*Activity*: Transcribe every record verbatim.

*Stored data entries*:
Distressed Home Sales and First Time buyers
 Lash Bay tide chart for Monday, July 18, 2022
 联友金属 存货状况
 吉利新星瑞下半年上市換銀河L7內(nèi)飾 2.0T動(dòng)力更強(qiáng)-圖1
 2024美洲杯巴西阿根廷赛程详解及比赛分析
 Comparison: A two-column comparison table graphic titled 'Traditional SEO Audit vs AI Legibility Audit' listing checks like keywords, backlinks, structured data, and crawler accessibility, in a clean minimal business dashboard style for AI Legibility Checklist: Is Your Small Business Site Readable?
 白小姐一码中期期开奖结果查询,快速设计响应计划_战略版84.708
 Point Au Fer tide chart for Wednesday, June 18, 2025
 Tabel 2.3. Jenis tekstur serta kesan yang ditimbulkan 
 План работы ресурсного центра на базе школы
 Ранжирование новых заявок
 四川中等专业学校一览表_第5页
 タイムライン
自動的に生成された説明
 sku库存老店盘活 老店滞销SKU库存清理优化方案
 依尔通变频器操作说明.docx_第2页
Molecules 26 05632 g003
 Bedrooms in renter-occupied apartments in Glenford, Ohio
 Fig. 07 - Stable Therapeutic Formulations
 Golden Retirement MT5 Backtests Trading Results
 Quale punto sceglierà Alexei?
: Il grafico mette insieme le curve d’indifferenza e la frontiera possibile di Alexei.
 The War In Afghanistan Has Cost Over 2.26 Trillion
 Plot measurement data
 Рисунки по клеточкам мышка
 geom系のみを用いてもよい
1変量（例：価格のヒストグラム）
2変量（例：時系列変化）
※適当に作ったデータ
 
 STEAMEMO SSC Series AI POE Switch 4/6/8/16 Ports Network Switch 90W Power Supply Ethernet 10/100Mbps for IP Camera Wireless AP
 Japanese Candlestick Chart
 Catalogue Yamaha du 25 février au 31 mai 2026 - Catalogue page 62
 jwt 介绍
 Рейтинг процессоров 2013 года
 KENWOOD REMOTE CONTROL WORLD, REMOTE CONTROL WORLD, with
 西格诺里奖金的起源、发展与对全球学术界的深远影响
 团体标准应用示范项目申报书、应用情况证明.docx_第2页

*Your response*:
Distressed Home Sales and First Time buyers
 Lash Bay tide chart for Monday, July 18, 2022
 联友金属 存货状况
 吉利新星瑞下半年上市換銀河L7內(nèi)飾 2.0T動(dòng)力更強(qiáng)-圖1
 2024美洲杯巴西阿根廷赛程详解及比赛分析
 Comparison: A two-column comparison table graphic titled 'Traditional SEO Audit vs AI Legibility Audit' listing checks like keywords, backlinks, structured data, and crawler accessibility, in a clean minimal business dashboard style for AI Legibility Checklist: Is Your Small Business Site Readable?
 白小姐一码中期期开奖结果查询,快速设计响应计划_战略版84.708
 Point Au Fer tide chart for Wednesday, June 18, 2025
 Tabel 2.3. Jenis tekstur serta kesan yang ditimbulkan 
 План работы ресурсного центра на базе школы
 Ранжирование новых заявок
 四川中等专业学校一览表_第5页
 タイムライン
自動的に生成された説明
 sku库存老店盘活 老店滞销SKU库存清理优化方案
 依尔通变频器操作说明.docx_第2页
Molecules 26 05632 g003
 Bedrooms in renter-occupied apartments in Glenford, Ohio
 Fig. 07 - Stable Therapeutic Formulations
 Golden Retirement MT5 Backtests Trading Results
 Quale punto sceglierà Alexei?
: Il grafico mette insieme le curve d’indifferenza e la frontiera possibile di Alexei.
 The War In Afghanistan Has Cost Over 2.26 Trillion
 Plot measurement data
 Рисунки по клеточкам мышка
 geom系のみを用いてもよい
1変量（例：価格のヒストグラム）
2変量（例：時系列変化）
※適当に作ったデータ
 
 STEAMEMO SSC Series AI POE Switch 4/6/8/16 Ports Network Switch 90W Power Supply Ethernet 10/100Mbps for IP Camera Wireless AP
 Japanese Candlestick Chart
 Catalogue Yamaha du 25 février au 31 mai 2026 - Catalogue page 62
 jwt 介绍
 Рейтинг процессоров 2013 года
 KENWOOD REMOTE CONTROL WORLD, REMOTE CONTROL WORLD, with
 西格诺里奖金的起源、发展与对全球学术界的深远影响
 团体标准应用示范项目申报书、应用情况证明.docx_第2页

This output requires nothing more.